Can I sue if a defective airbag failed to deploy or exploded in my Georgia crash?


Both an airbag that did not deploy when it should have and one that ruptured or deployed violently can support a Georgia product claim. An airbag is a safety device meant to reduce harm in a crash, so a defect that causes it to fail in either direction can be the basis for holding the manufacturer responsible.

Two kinds of airbag failure

Airbag claims tend to fall into a few patterns, and the underlying theory is the same: the component did not perform as a reasonably designed safety device should.

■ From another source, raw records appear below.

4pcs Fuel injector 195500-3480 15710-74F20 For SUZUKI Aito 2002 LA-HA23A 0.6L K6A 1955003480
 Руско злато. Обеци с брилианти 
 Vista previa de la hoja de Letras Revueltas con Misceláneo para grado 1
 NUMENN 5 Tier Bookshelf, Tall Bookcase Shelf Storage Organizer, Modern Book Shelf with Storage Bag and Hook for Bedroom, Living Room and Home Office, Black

  • Failure to deploy: the airbag stayed inactive in a crash severe enough to warrant deployment, leaving the occupant without intended protection.
  • Improper deployment: the airbag deployed too forcefully, too late, or ruptured, causing injury through fragments or excessive force.
  • Defective components: a sensor, inflator, or related part malfunctioned in a way that caused or worsened harm.

O.C.G.A. § 51-1-11 makes the maker of a defective product strictly liable in Georgia, and that exposure can land on the airbag manufacturer, and sometimes the vehicle manufacturer or a parts supplier, according to where the defect originated.

Crashworthiness and enhanced injury

An airbag defect usually does not cause the collision; it affects how badly the occupant is hurt in it. That places these claims within the crashworthiness framework, which treats a vehicle’s safety systems as something that must reasonably protect occupants in a foreseeable crash. The heart of such a case is the gap between the harm actually suffered and the lesser harm a sound airbag would have left, and pinning down that difference usually takes technical analysis of the device and the crash.

Multiple parties and shared fault

Because a crash and an airbag defect can involve different actors, O.C.G.A. § 51-12-33 directs a jury to split the fault among the driver who caused the wreck, the manufacturer of a defective airbag, and any other party at fault. The injured occupant’s own conduct is measured on the same scale, so their assigned share lowers the recovery and a share of half or more ends it.

The bottom line

A defective airbag that failed to deploy or that ruptured can support a Georgia product claim, because an airbag is expected to perform as a reasonable safety device in a foreseeable crash. These cases usually rest on a crashworthiness theory focused on the added injury, and Georgia’s apportionment rules allow fault for the collision and fault for the defect to be separated among the parties involved.


This article is for general educational and informational purposes only and is not legal advice. It does not create an attorney-client relationship, and Georgia law may change. For advice about a specific situation, consult a licensed Georgia personal injury attorney.